Government Code section 87202, subdivision (a)
Before a private person can file a civil action under section 91004, he "must first file with the civil prosecutor a written request for the civil prosecutor to commence the action." (§ 91007, subd. (a).) Neither Flores's complaint nor the record on appeal show that Flores complied with section 91007.

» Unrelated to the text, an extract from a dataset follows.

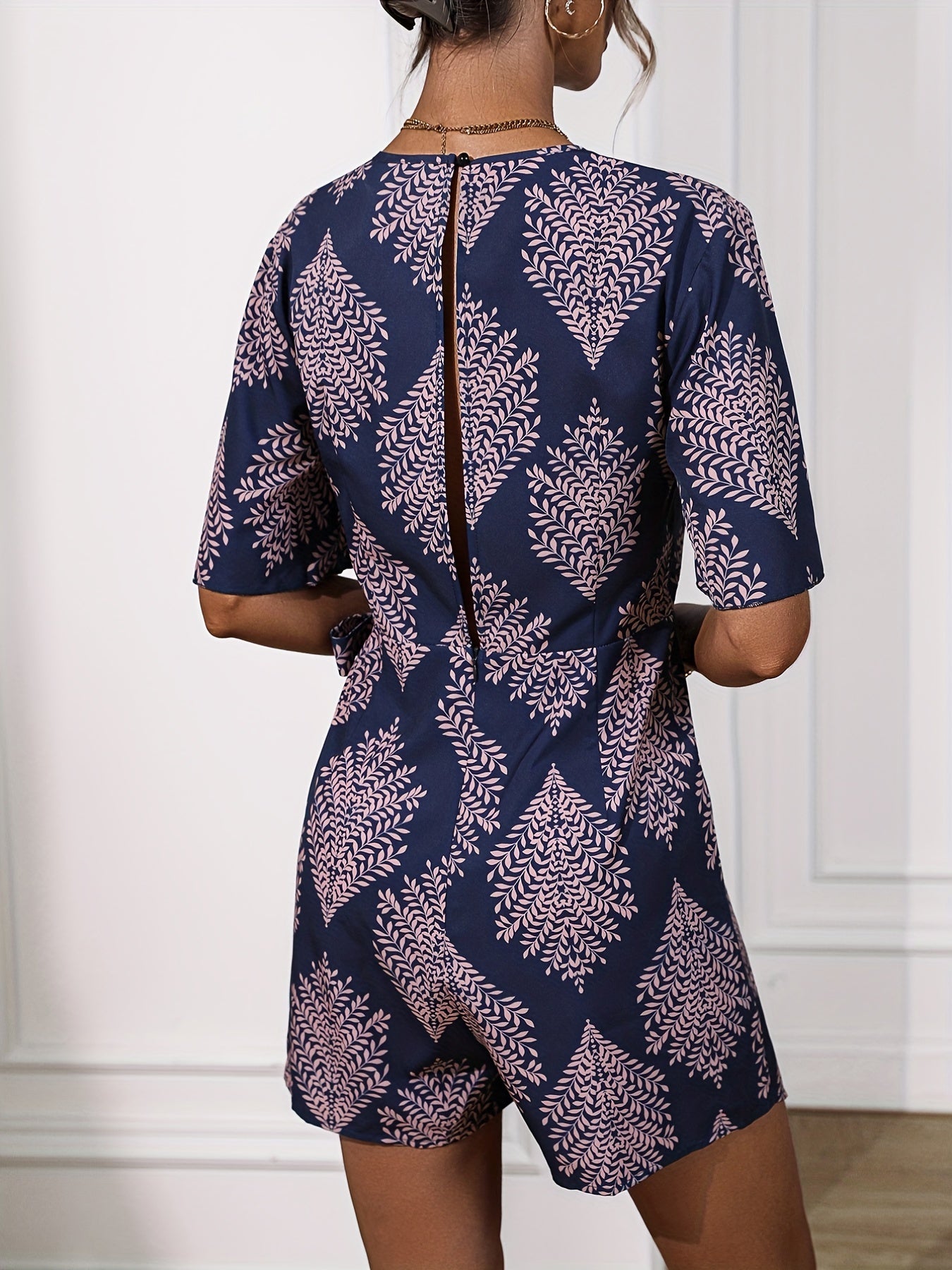 Plant Print Surplice Neck Romper Jumpsuit Tie Side Flutter Sleeve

IV. FLORES FAILED TO REQUEST THE TRIAL COURT'S PERMISSION TO SEEK INJUNCTIVE RELIEF WITHOUT FIRST FILING A COMPLAINT WITH THE FAIR POLITICAL PRACTICES COMMISSION
Flores alleges that Colon failed to disqualify himself from hearings before the planning commission that adversely effected Flores's competing business. Flores further alleges that Colon used his position on the planning commission to purchase city property "for far below fair market value" and to obtain exemptions from city business ordinances including the required number of parking places and building color requirements. Flores contends that Colon's conduct violates section 87100 which prohibits a government official from using his official position to influence a government decision in which he has a financial interest. A violation of section 87100 may expose the government official to a civil penalty (§ 91005, subd. (b)) and injunctive relief (§ 91003, subd. (a)).

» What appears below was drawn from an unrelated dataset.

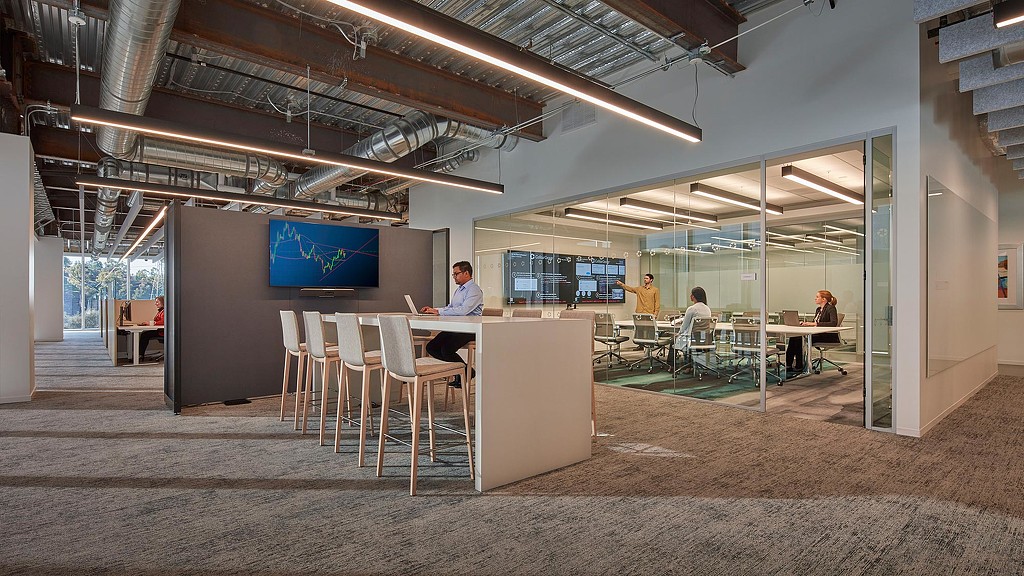 CoStar Irvine bar height table outside meeting room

Before a private person can bring an action for a civil penalty under section 91005, subdivision (b), however, he must first file with the civil prosecutor a written request for the civil prosecutor to commence the action just as in the case of failure to file a financial statement discussed above. (§ 91007, subd. (a).) A different requirement applies to a private person seeking injunctive relief regarding an official's conflict of interest. When injunctive relief is sought, the plaintiff must seek the trial court's permission to proceed with the complaint without first filing a complaint with the Fair Political Practices Commission. (§ 91003, subd. (a).) As previously discussed, Flores's complaint does not allege, and the record does not show, compliance with section 91007, subd. (a)—a request that the civil prosecutor commence an action. Therefore, he cannot seek a civil penalty for Colon's alleged conflict of interest. Flores also failed to request the trial court to exercise its discretion under section 91003, subdivision (a) as to whether Flores should be required to file a complaint with the Political Practices Commission. Therefore, he cannot seek injunctive relief under section 91003, subdivision (a).

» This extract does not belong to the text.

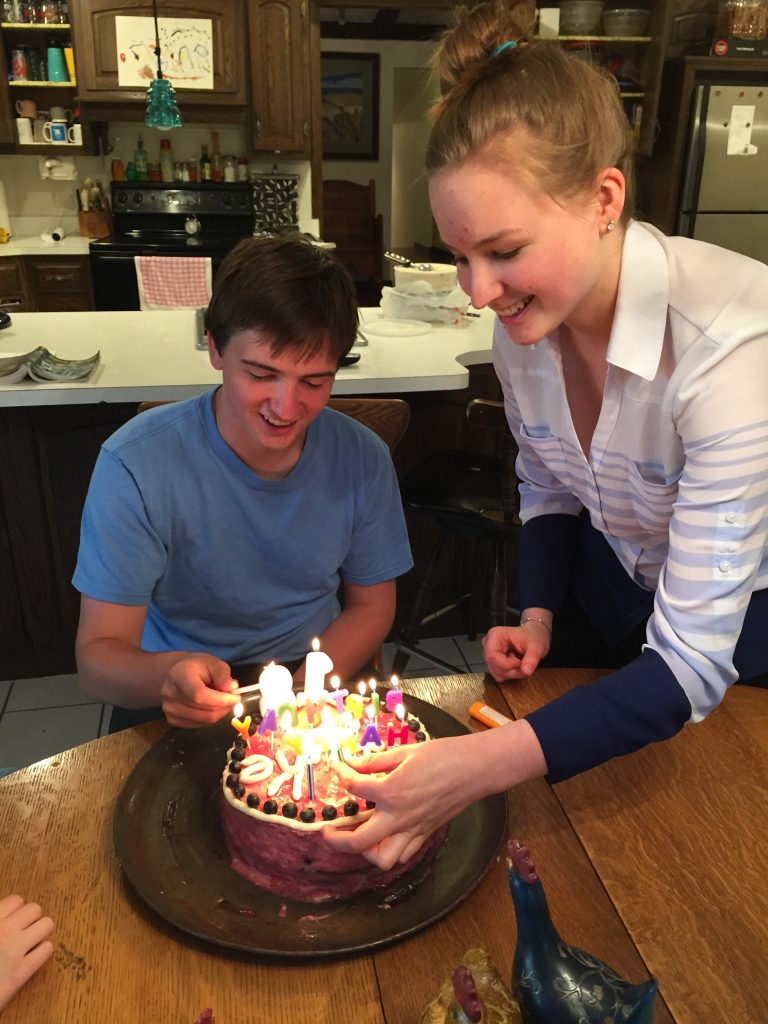 Lukas and Emily light the epic cake!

V. FLORES'S CAUSE OF ACTION FOR INTENTIONAL INFLICTION OF EMOTIONAL DISTRESS FAILS BECAUSE DEFENDANTS' ALLEGED CONDUCT IS NOT "EXTREME AND OUTRAGEOUS" AS A MATTER OF LAW
A cause of action for intentional infliction of emotional distress requires "`extreme and outrageous conduct'" by the defendants. (Davidson v. City of Westminster (1982) 32 Cal.3d 197, 209.) To be outrageous, conduct "must be so extreme as to exceed all bounds of that usually tolerated in a civilized community." (Ibid.) A court may determine as a matter of law whether the facts pled in a complaint meet that requirement. (Id. at p. 210.) Selective enforcement of city ordinances against Flores does not, as a matter of law, rise to the level of such extreme malfeasance "as to exceed all bounds of that usually tolerated in a civilized community." (Ibid.)
The judgment is reversed as to the cause of action for violation of civil rights. In all other respects the judgment is affirmed. Each party to bear its own costs on appeal.
MALLANO, P. J. and CHANEY. J., concurs.